Témoignage sur Tchernobyl :

Ivan Petrovich Makarenko, responsable régional de la Défense civile à Narodichi, décrit l'état de la situation dans cette région en avril 1986 (Témoignage recueilli le 20 mars 1990 à Narodichi, Ukraine).

- Pourriez vous décrire ce qui s'est passé dans la région de Narodichi suite à l'accident de Tchernobyl en avril 1986 ? Quand avez-vous appris l'existence de l'accident ? Comment ? Quelles décisions furent prises ?
Makarenko :
Le 27 avril, c'était un dimanche et j'avais commencé à travailler dans mon jardin. Je plantais des pommes de terre depuis 9 heures. Vers 11 heures ou 11 h 30 je me suis soudain senti mal.
Ma bouche était sèche, et je ressentais une espèce de rugosité dans la gorge qui me faisait mal. Je pensais que j'avais attrapé quelque chose. Mon jardin se trouvait près des marais, sur les terres inondables de l'Uzh, une rivière qui coule vers Tchernobyl.
J'ai remarqué qu'une sorte de brouillard d'un brun grisâtre se déplaçait le long de cette zone inondable. Il était assez transparent. Malgré la journée ensoleillée, je ne pouvais déterminer de quoi il s'agissait. Je m'arrêtai de travailler et je rentrai chez moi. C'était juste après midi. Dès mon arrivée à la maison, le téléphone sonna. C'était Melnik, le premier secrétaire du Comité régional du Parti. Il me dit de me rendre immédiatement au Comité régional. Je m'y rendis et Melnik me dit que le premier secrétaire du Comité régional de Polesskoe l'avait appelé et lui avait dit, de manière strictement confidentielle, qu'un accident venait d'arriver à Tchernobyl. Des substances radioactives avaient été relâchées.
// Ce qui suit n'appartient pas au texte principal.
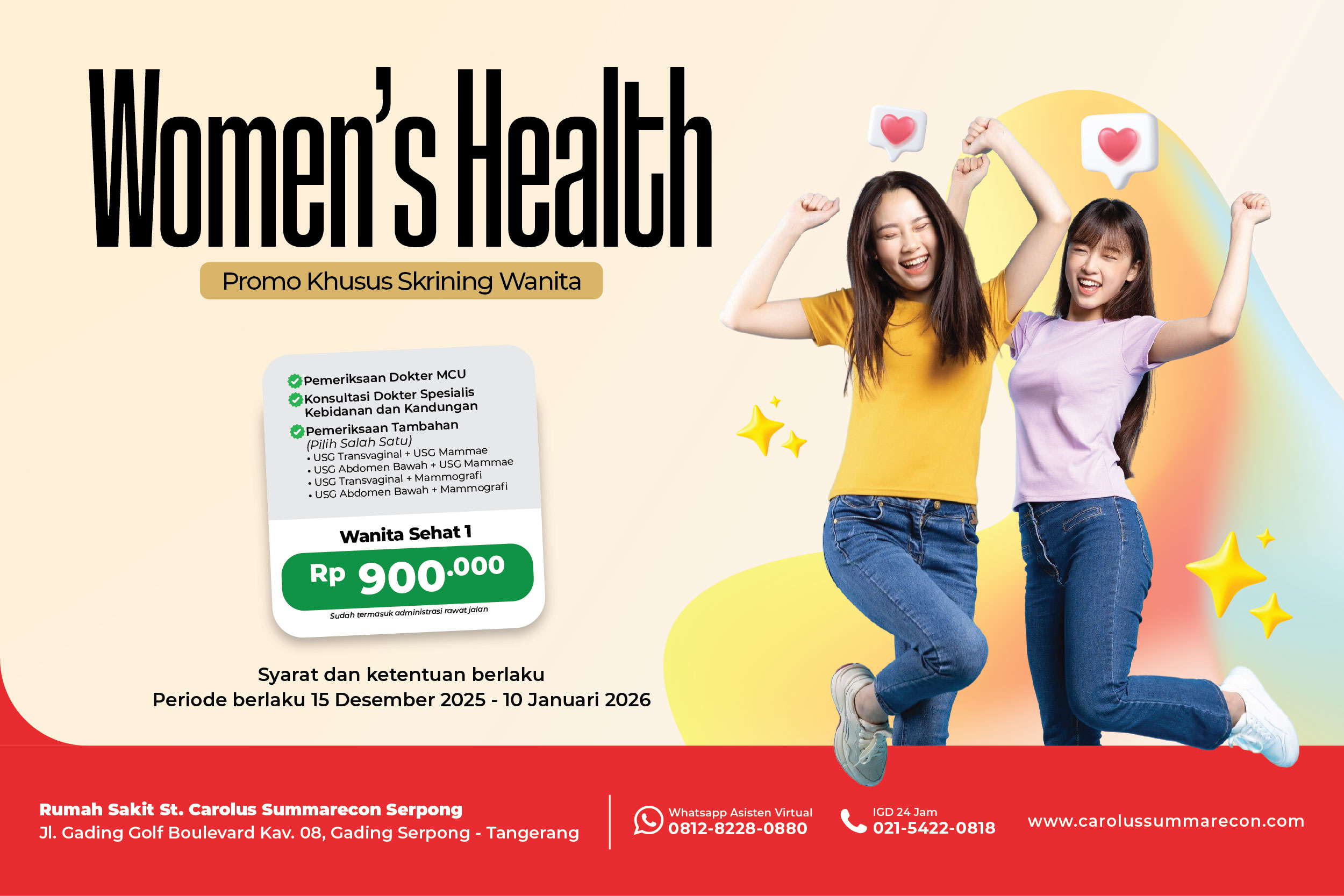 Paket Paket Wanita Sehat 1 Medical Check Up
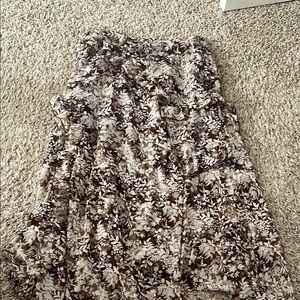 Blu Pepper Black and White Ruffled Bubble Midi Skirt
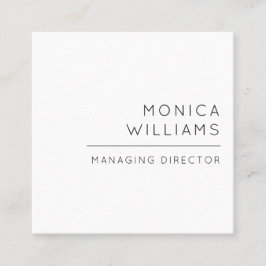Minimale grafische professionals vierkante visitekaartje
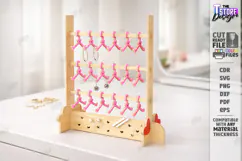 Mini Hanger Jewelry Display Laser Cut | Desk Jewelry Stand Product Image 1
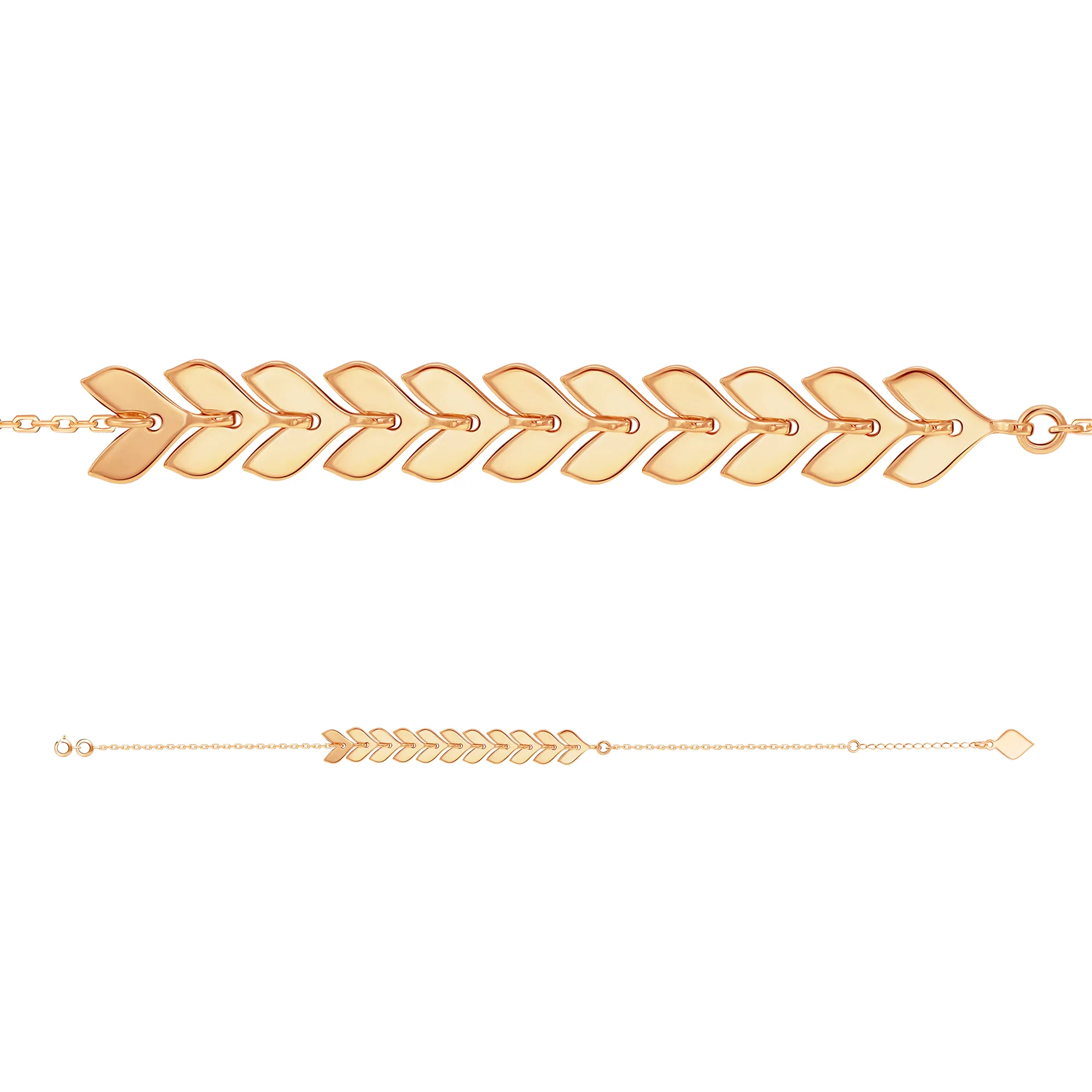 Браслет фантазийный Золото 585 
 00-58-0043-00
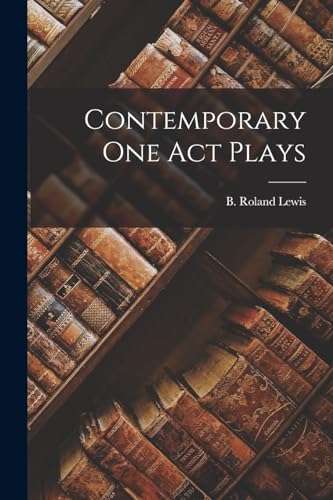 جلد کتاب Contemporary One-Act Plays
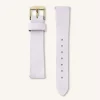 Lilac Nubuck Gold Strap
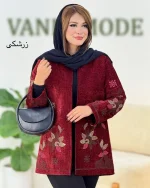 کت مخمل گلدوزی کد h613_4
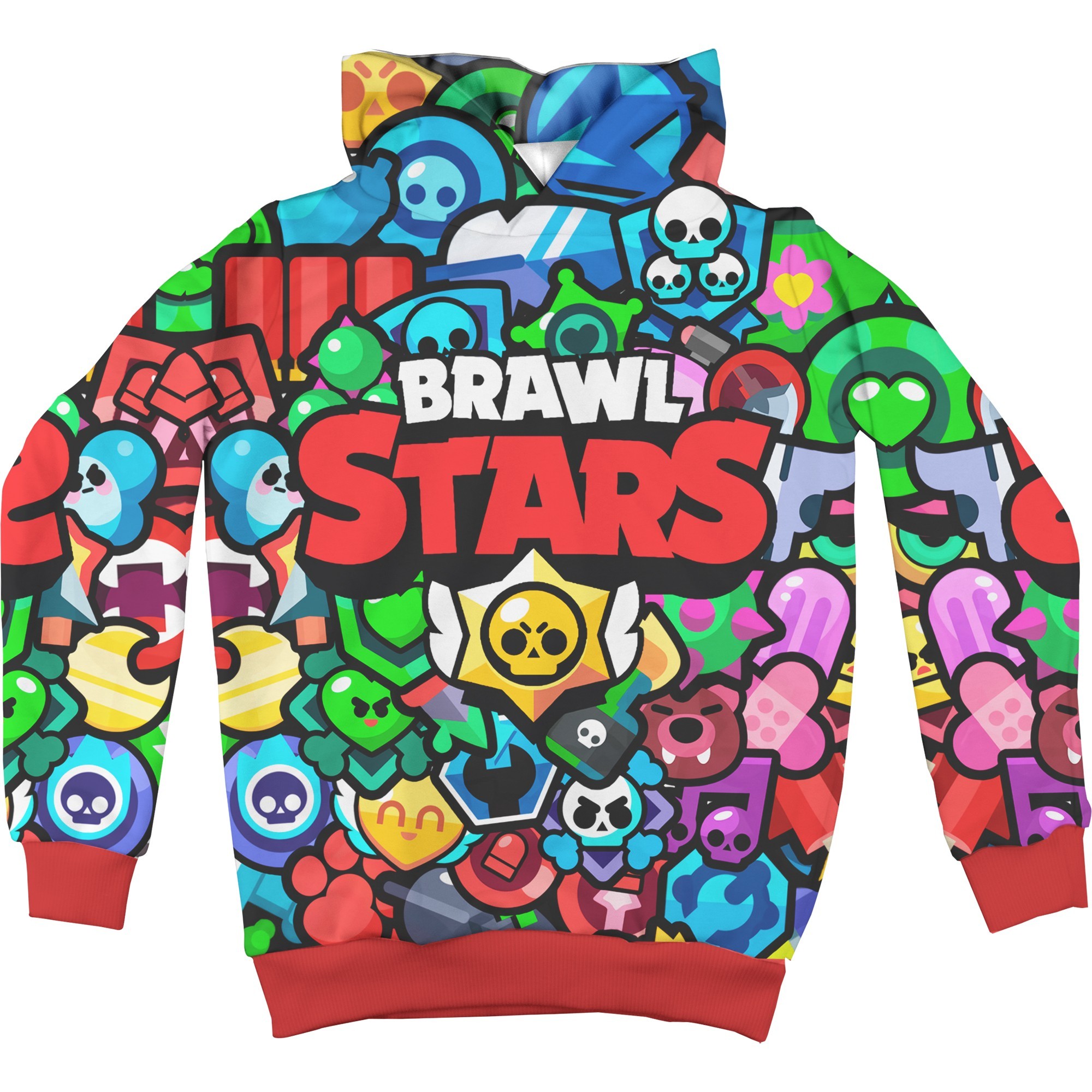 

Худи Full stars Brawl Stars MyTee Размер M Рост 104 см Возраст 3-4 года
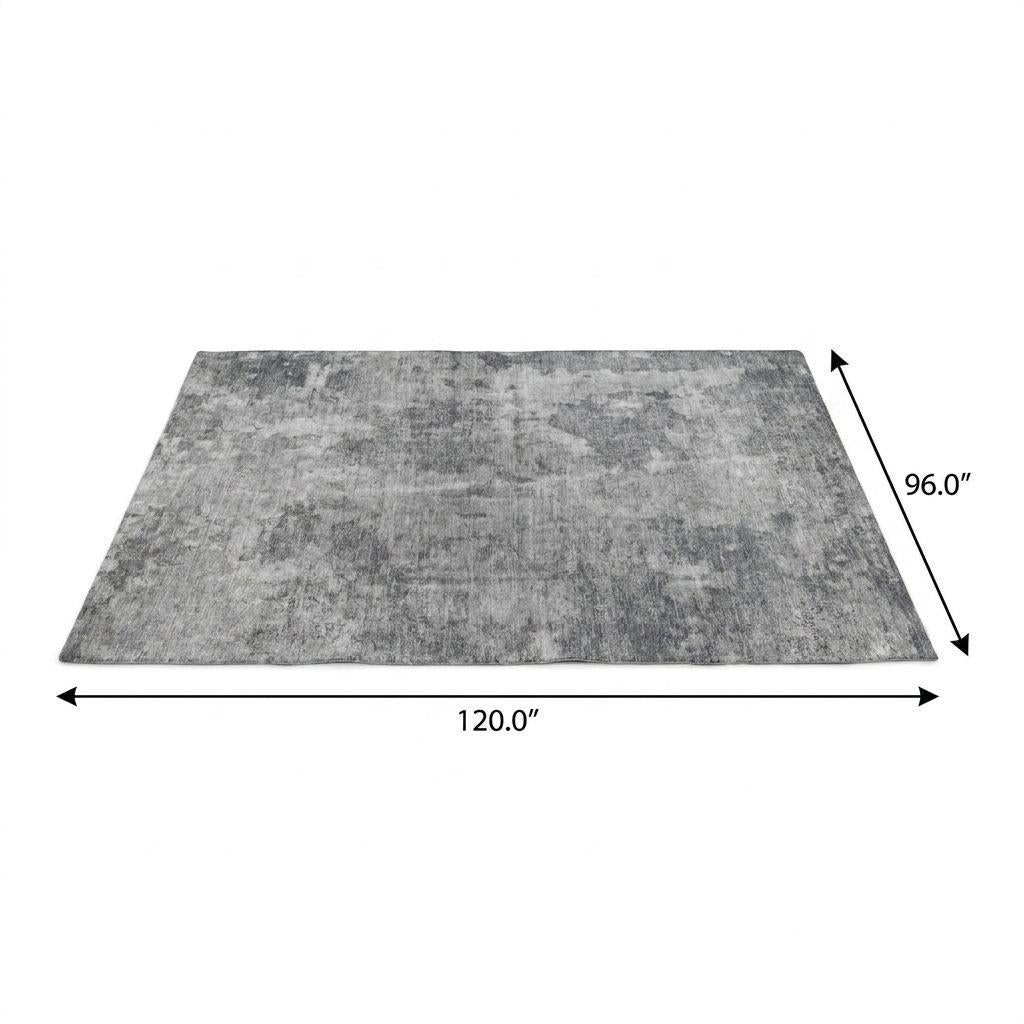 8' X 10' Gray And Silver Abstract Shag Washable Area Rug With UV Protection - HomeRoots - Flyclothing LLC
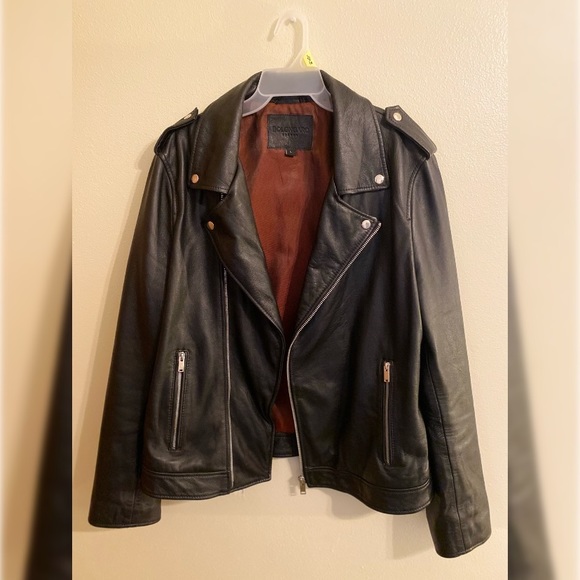 Bolongaro Trevor Double Layer Leather Jacket (Perfecto Motorcycle Jacket) - Picture 1 of 10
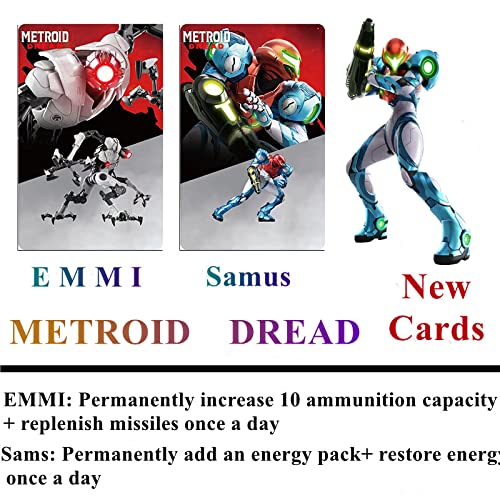 Samus ve EM dahil olmak üzere 8 ADET Metroid Dread NFC Kartı.M. I. [En Yeni Sürüm] Switch,Wii U ve Yeni 3DS ile uyumlu (Banka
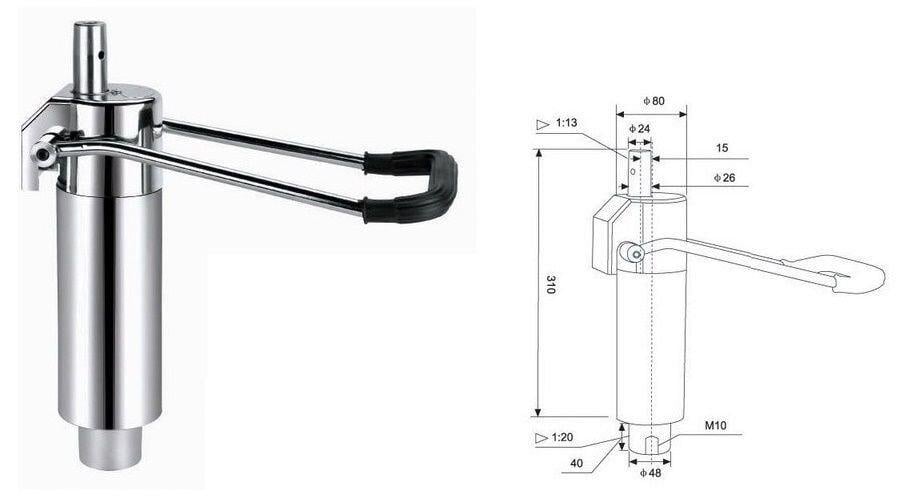 Підйомний механізм для перукарських крісел ДенІС professional Д-26 гідравлічний (1453070574) - фото 2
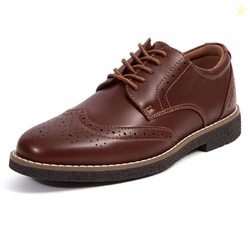 Deer Stags Boys' Joel Lace-up Dress Comfort Oxford/Redwood/Dark Brown / 2 Little Kid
- Qui devait transmettre l'information à la Défense civile régionale ? Le secrétaire régional du parti ou le responsable de la Défense civile au niveau de la province ou de la République ?
C'est le réseau de la Défense civile qui devrait transmettre les messages concernant un danger menaçant.

- Mais aucun message de ce type concernant un danger de radioactivité n'a été reçu, ni en provenance de Tchernobyl ni du siège provincial de la Défense civiIe.
L'alerte n'a pas été donnée.
Il y a simplement eu ce coup de téléphone informel et amical du secrétaire du Parti de Polesskoe à notre secrétaire. C'est ainsi que nous l'avons su. J'ai immédiatement compris pourquoi je m'étais senti mal dans le champ. Nous nous sommes précipités pour voir le responsable du groupe de surveillance. Il était à l'usine de textile. On le chargea de se rendre immédiatement aux entrepôts, de prendre l'appareil indispensable, un contrôleur DP-5 et de le rapporter au siège du Parti régional. Il revint avec l'appareil à 16 heures.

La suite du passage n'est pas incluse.